They performed Baba's arti. Afterward Baba proceeded to Jangle's quarters there and also to Jamadar's — the Meherabad night watchman for many years — whose families also performed his arti. Baba also saw Walu, who was living nearby in the same compound.
At 6:00 P.M. Baba sent the Westerners back to Meherabad, and with a few of the mandali he visited the small tuberculosis sanitarium near the village. Baba had been invited there by one of his devotees, Kamlabai Pusalkar, who was a nurse. Maruti Patil's daughter Tarabai Dalvi, was also working there.1 Baba saw all the patients and then left.
After arriving back at the mandali's quarters, Baba gave the Western men, as a precaution against malaria, two tablets of Anacin and quinine, which were to be taken before going to sleep. After embracing each man, Baba departed for Meherazad at about seven o'clock.

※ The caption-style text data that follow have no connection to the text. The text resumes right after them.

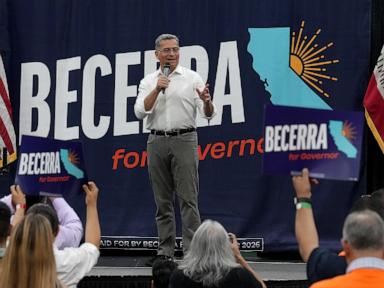 Xavier Becerra's decades in public office are a blessing and a curse in his California governor bid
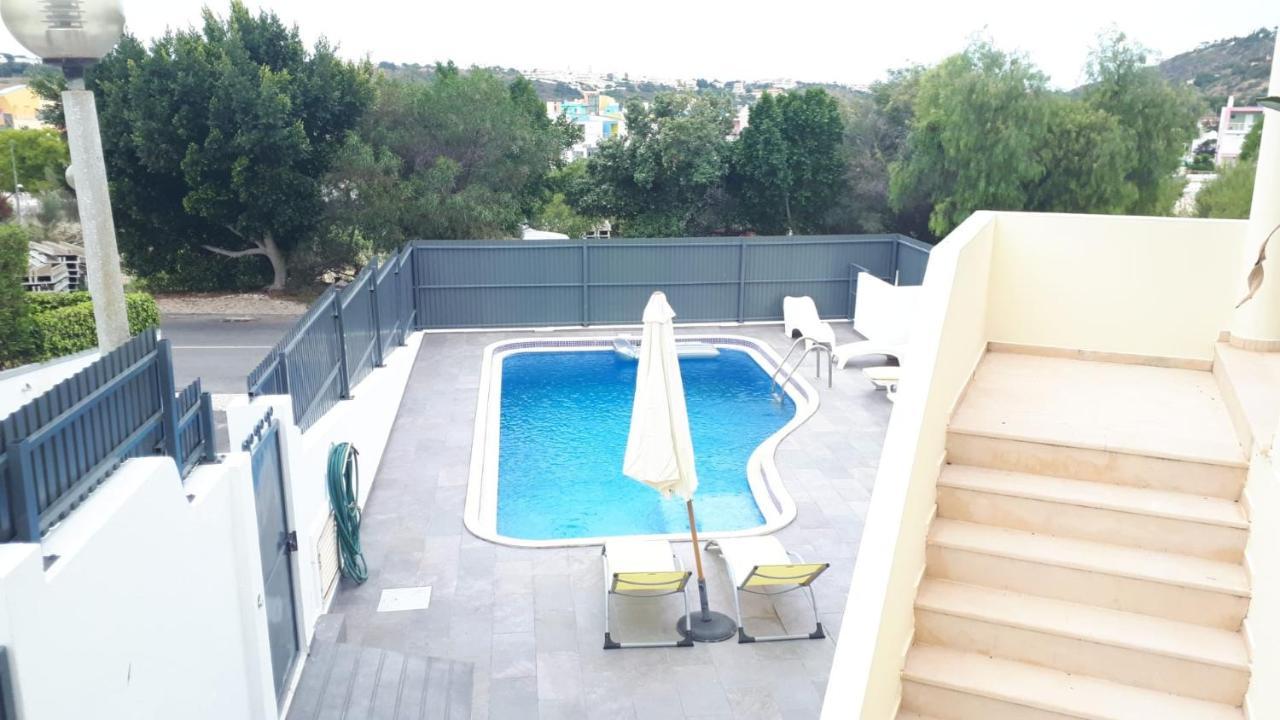 Marina Villa Pool Albufeira Exterior foto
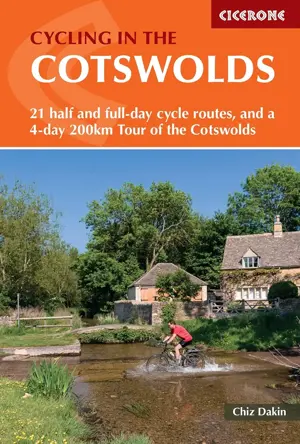 Fietsgids Cycling in the Cotswolds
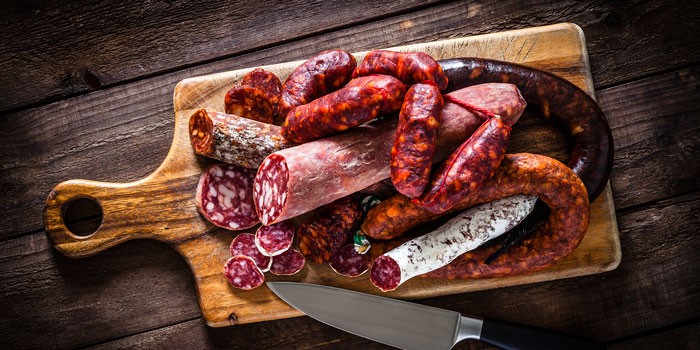 How much meat is safe to eat?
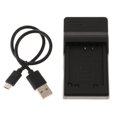 thumbnail image 2 of Cargador De Batería USB Para IXUS 155 265 Cámara , Protección Contra Sobretensiones Sunnimix Cargador de carga USB de la cámara, 2 of 8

Baba had decided to give darshan to those of Ahmednagar and vicinity who had not been able to be present at the Wadia Park function on the 12th. Using the excuse that Ben Hayman and Frank Hendrick had missed the Wadia Park program, since they had arrived later, Baba agreed that they should be shown what a darshan was like. A platform was built in Khushru Quarters and Gulmai was quite happy that the function would take place at her residence. It was called the "Small Darshan."
Baba arrived in Ahmednagar at 2:00 P.M. on Sunday, 26 September 1954, for the program. Dr. P. Natarajan of Malabar, the head of an ashram, and one of his followers, John Spiers, had also come. While sitting under a tree in Adi's compound, Baba talked with Natarajan.
In the course of their conversation Baba remarked, "To be alone in the midst of many people and to be surrounded by people when alone, this is my experience. I am always alone and simultaneously among many."
The darshan started at three o'clock in the afternoon. Rustom Kaka and his wife Silla Kaku sang songs as separate rows of men, women and children formed and Baba began handing out prasad. At 3:30 the Westerners arrived. Baba embraced them and made Ben Hayman, Frank Hendrick and Charles Purdom sit beside him on the dais. Dr. Natarajan and Spiers were also beside him.
Baba commented, "No explanations or discourses could compare with this personal contact. I feel that I am in all. It is Baba bowing down to Baba."
Footnotes
- 1.Until the New Life, Tarabai had resided in the women's ashram, serving as a maid, and thereafter worked in the TB sanatorium.